Entendimento similar já foi proferido pela justiça brasileira no ano de 2016, quando a renomada marca de bolsas de luxo “Hermès” conseguiu proibir que uma empresa brasileira produza e comercialize bolsas similares às suas. Neste caso, restou reconhecido no processo que as particularidades presentes nas criações da “Hermès”, as quais possuem inclusive cunho estético, são o principal motivo do reconhecimento mundial da marca, logo, merecem proteção jurídica contra reproduções não autorizadas.[2]

Em ambas decisões podemos verificar que se impede o “aproveitamento parasitário” daquilo que as renomadas empresas conquistaram frente aos consumidores ao longo dos anos e que as fazem se destacarem das concorrentes, evitando, assim, a desvalorização das marcas e das suas criações.

Diante disso, podemos concluir que a necessidade do Direito aplicado ao mercado da moda e ao processo criativo visa proteger a reputação das marcas, evitando que ocorra desvalorização em razão de reproduções ilícitas de produtos ou de quaisquer características que compõem o “trade dress”, bem como evitar confusões entre os consumidores, pois a este deve ser conferida a possibilidade de distinção entre as marcas e produtos colocados à sua disposição. Portanto, é de suma importância que os estilistas e designers de moda possuam provas da anterioridade na utilização de suas criações e se protejam por meio dos devidos registros.

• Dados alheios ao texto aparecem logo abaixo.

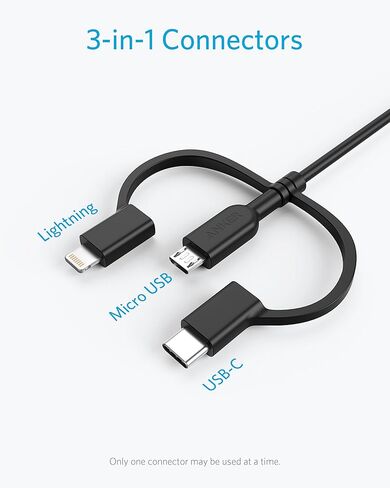Anker Powerline II 3-in-1 Lightning, USB C, Micro USB Cable | Compatible with iPhone, iPad, Huawei, HTC, LG, Samsung, Sony Xperia, Android Devices, and More in Kuwait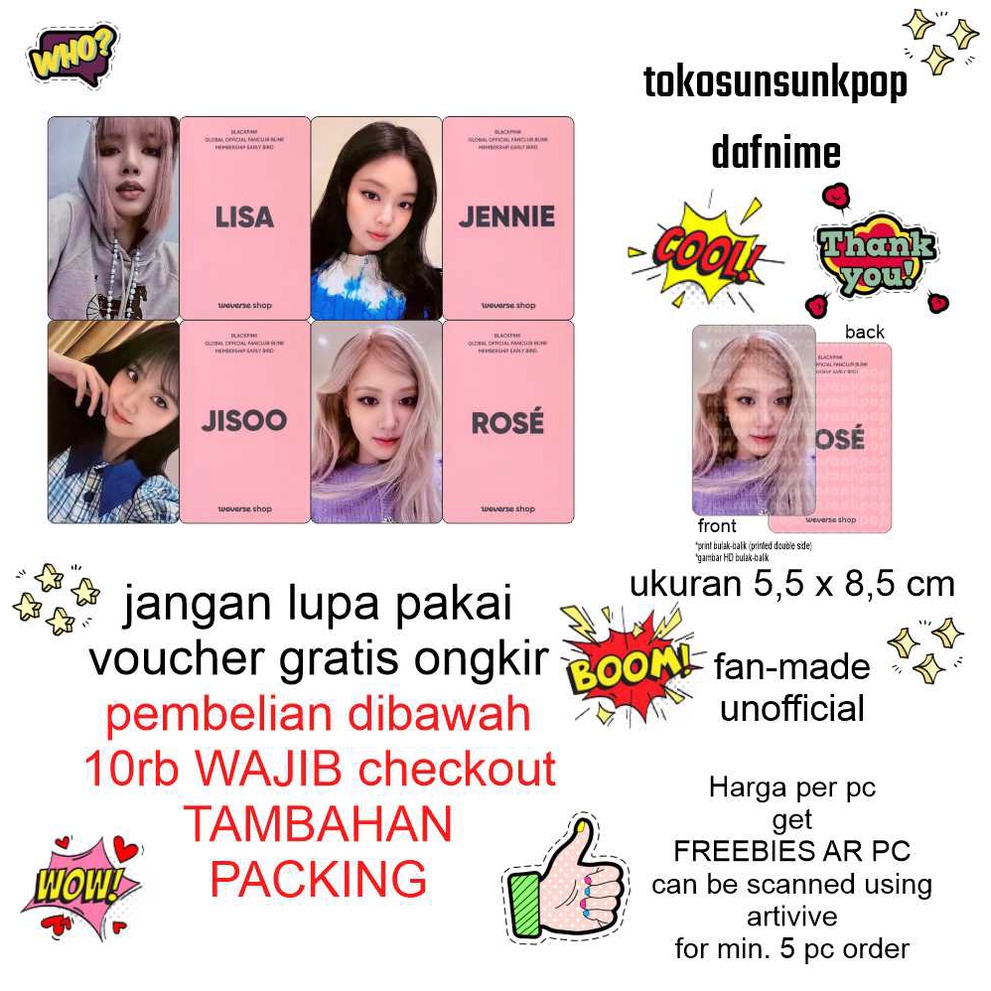 photo card unofficial blackpink versi we verse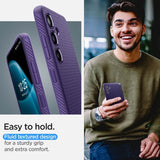 Противоударен Силиконов Калъф за Samsung S24, Spigen Liquid Air Case, Тъмно Лилав (10)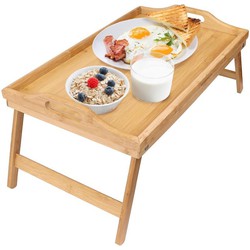 Decopatent® Bamboe inklapbare bedtafel voor op bed met dienblad - Houten Bedtafelje - Laptoptafel - Ontbijt Bed - Bank dienblad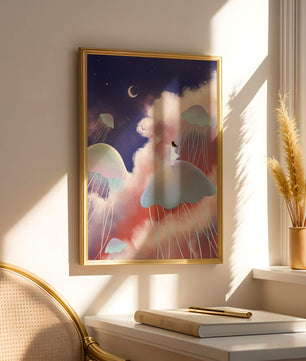 Dreamy Scene with Floating Jellyfish and Moonlit Sky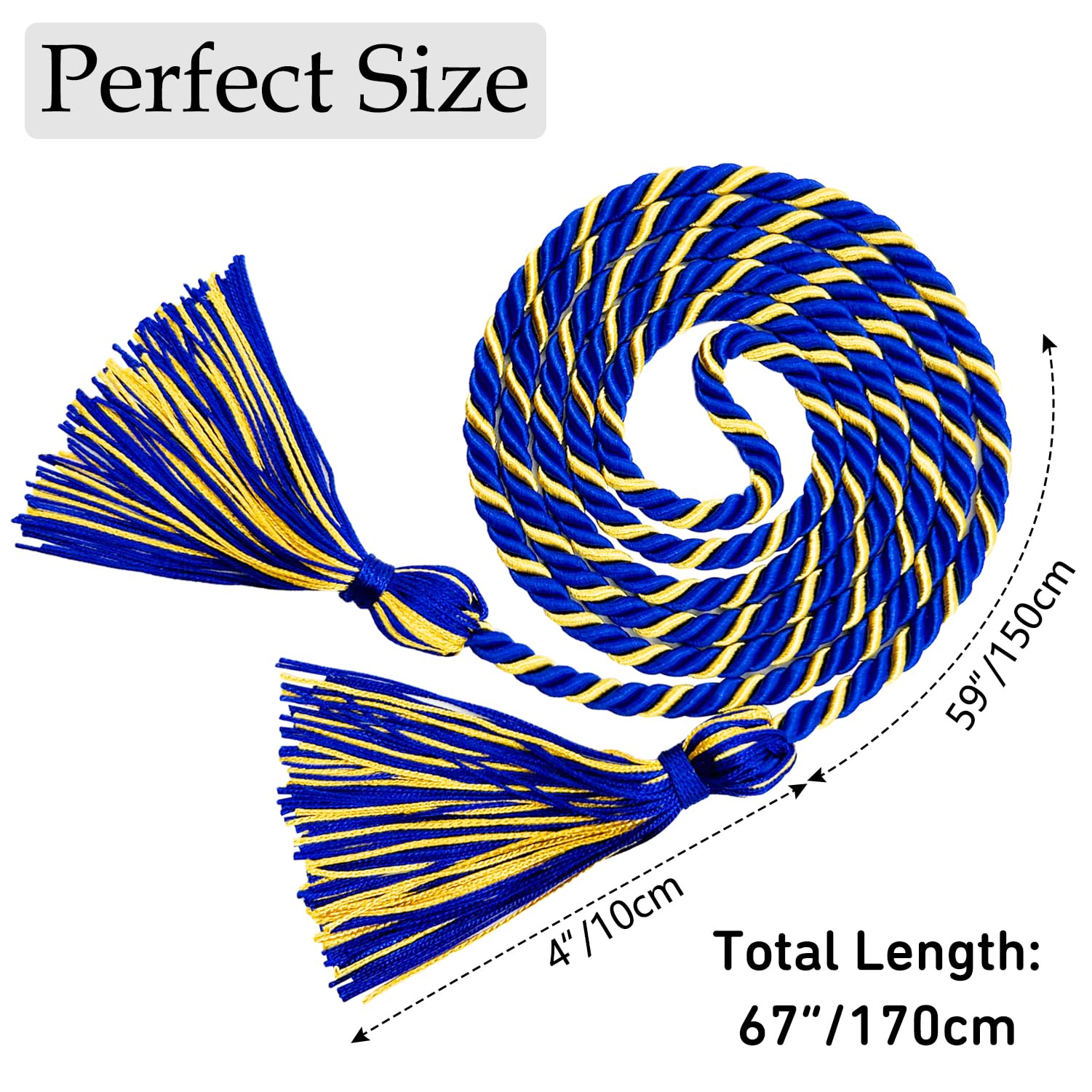Royal Blue and Gold Graduation Honor Cords - 67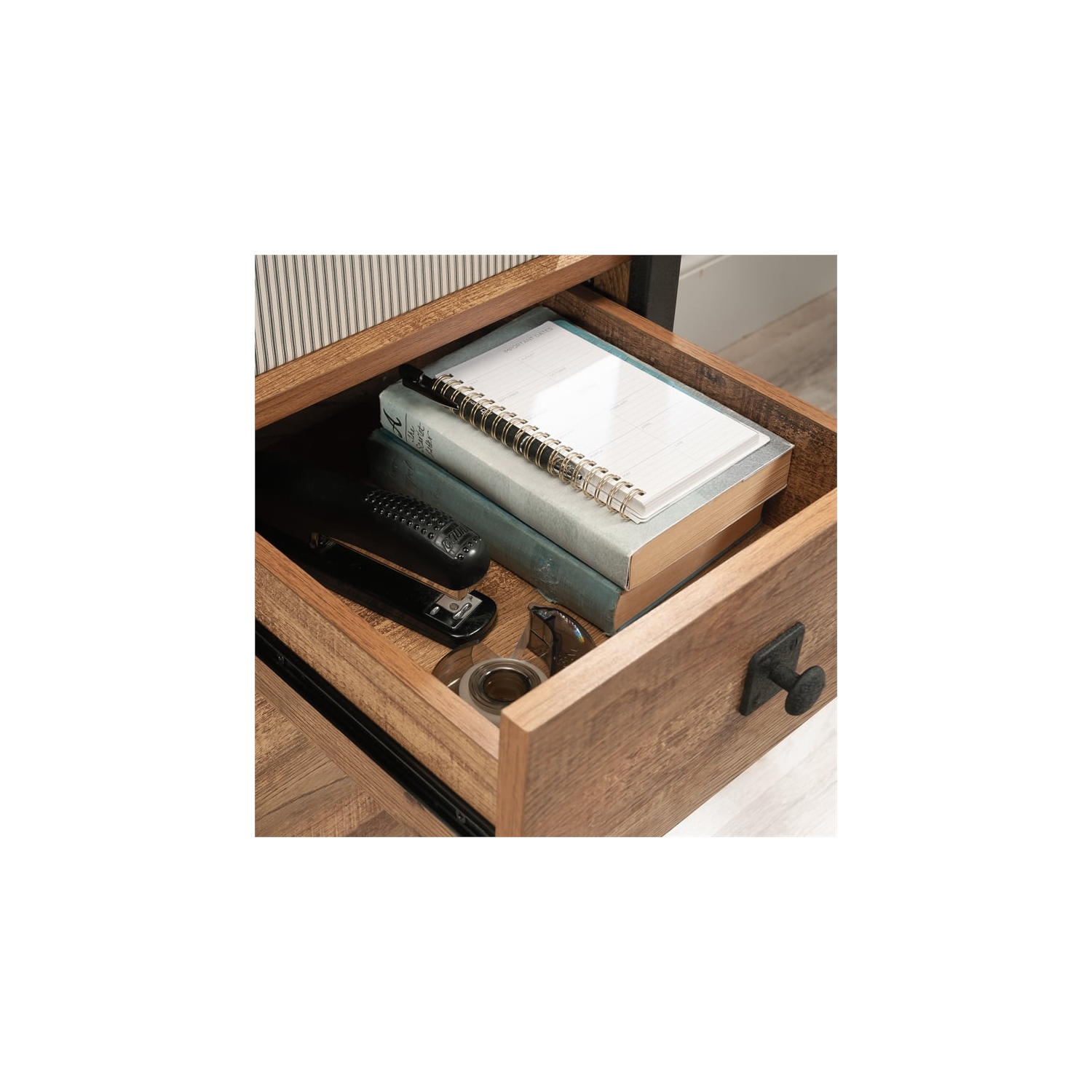 Sauder Station House Engineered Wood and Metal Desk in Etched Oak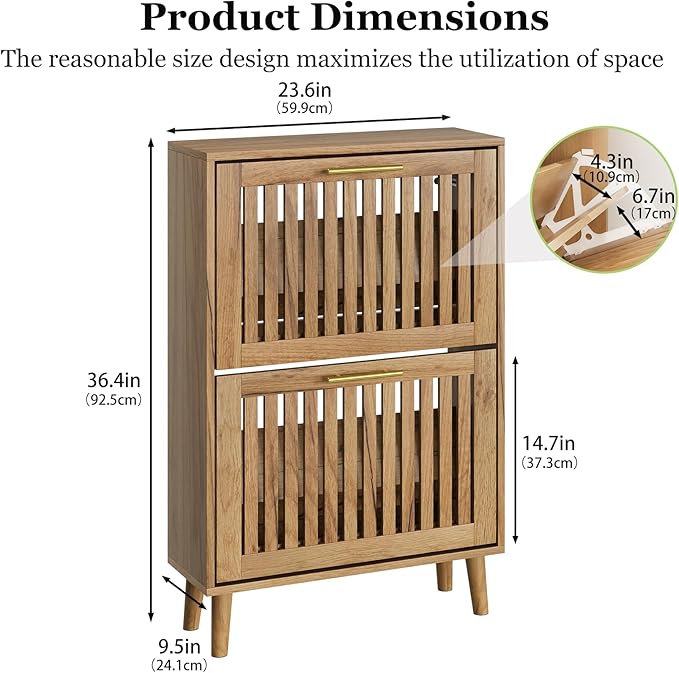 Shoe Storage Cabinet with Louvered 2 Flip Drawers, Narrow Shoe Cabinet Storage for Entryway, Freestanding Shoe Organizer Cabinet with Golden Handles, Slim Shoe Rack Cabinet 23.5in (Natural Wood)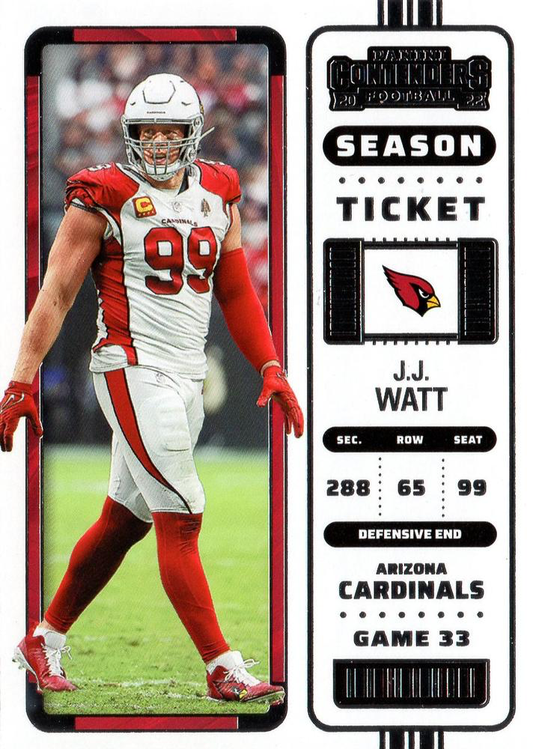 2022 Panini Contenders J.J. Watt #4 Arizona Cardinals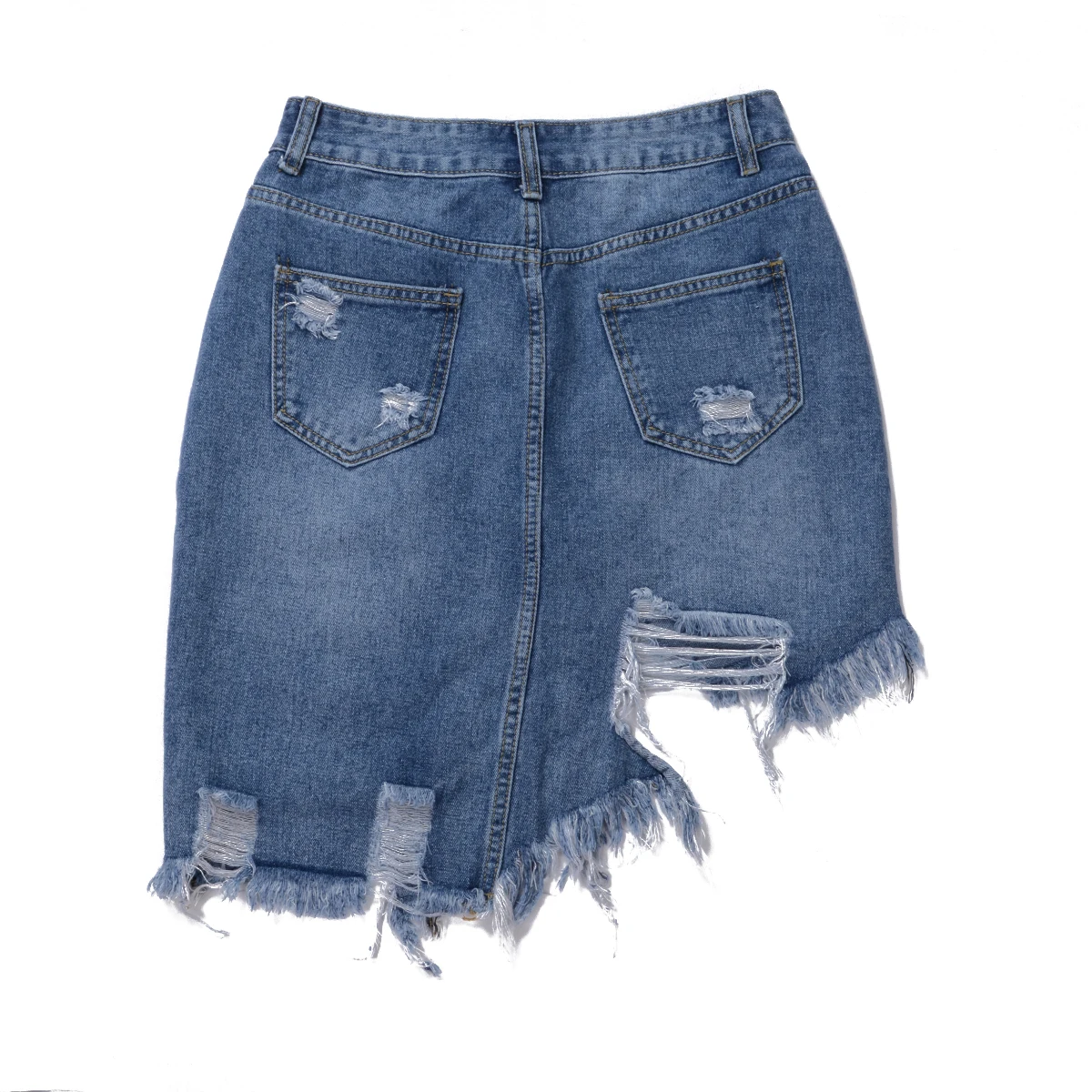 

Fashion Woman Straight Vintage Skirt Washed Summer High Waist Skirts Denim Women Sexy Bodycon Skirt Female Irregular Knee Length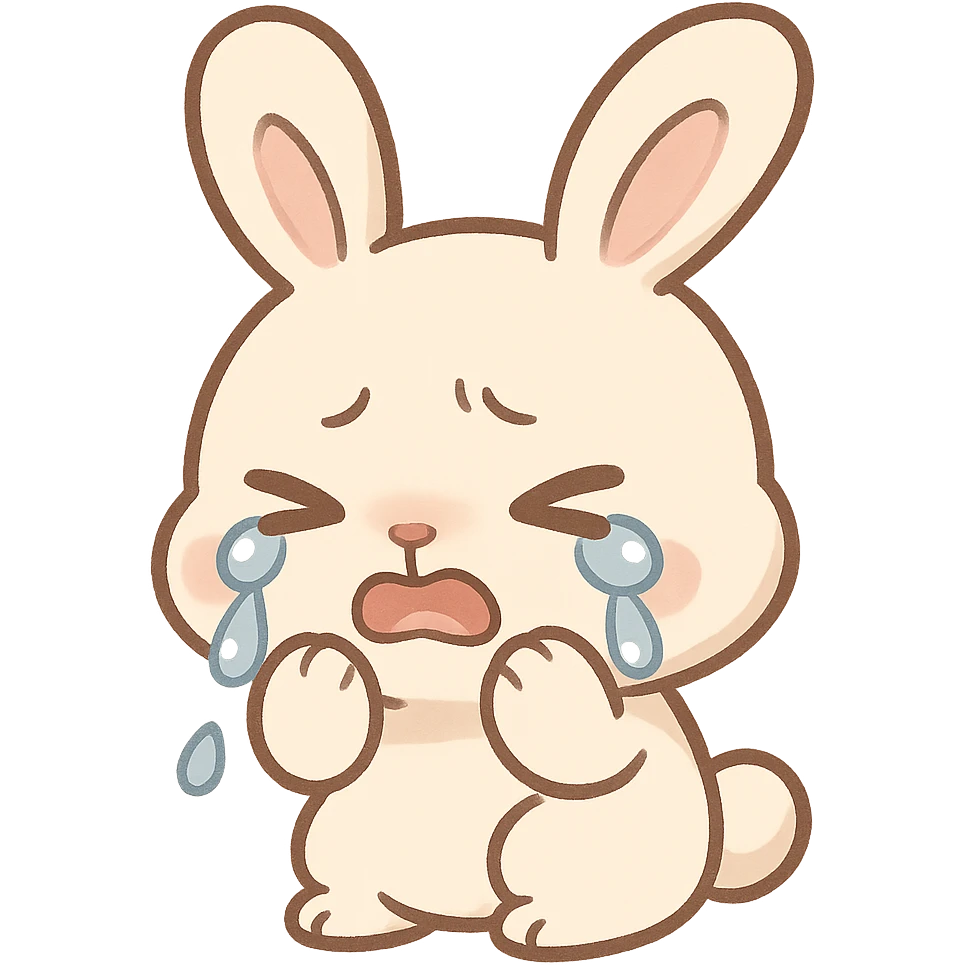 Chibi Crying Bunny emoji
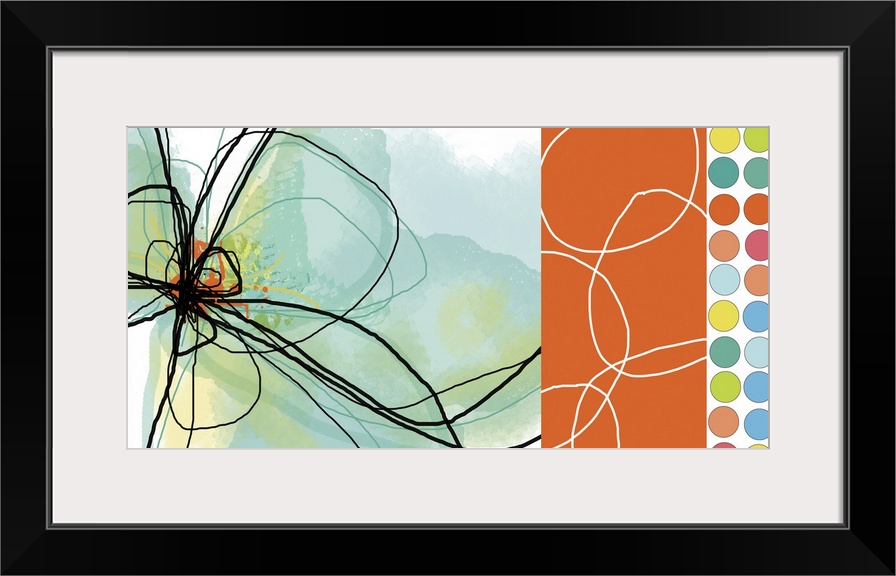 Abstract canvas print of the outline of a flower on the left and multicolored polka dots on the right.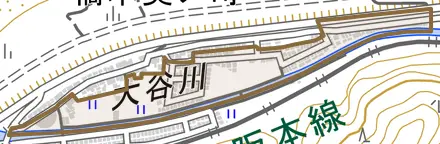 橋本尻江とその周辺の地図。町の範囲を重ねている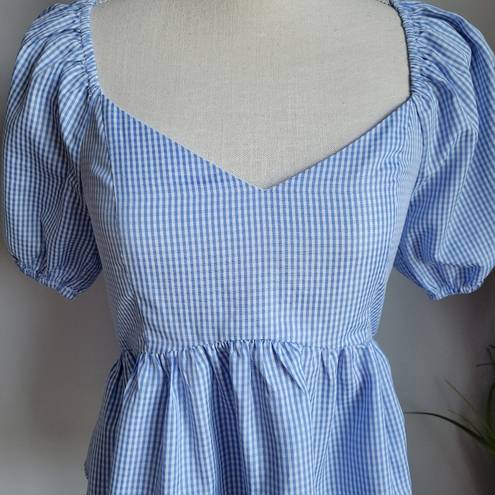 English Factory Nordstrom,  New Blue Gingham Peplum Puff Sleeve Top Size Small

[1] UPDATE 1-Louboutin wins U.S. court bid to protect red soles. Reuters, 2018. Disponível em: <https://www.reuters.com/article/louboutin-redsoles-appeal/update-1-louboutin-wins-u-s-court-bid-to-protect-red-soles-idUSL2E8K5C1H20120905>. Acesso em: 02 out. 2018.

[2] TJSP – Apelação n.º 0187707-59.2010.8.26.0100 – Relator Des. Costa Neto - 9ª Câmara de Direito Privado – Julgado em 16/08/2016).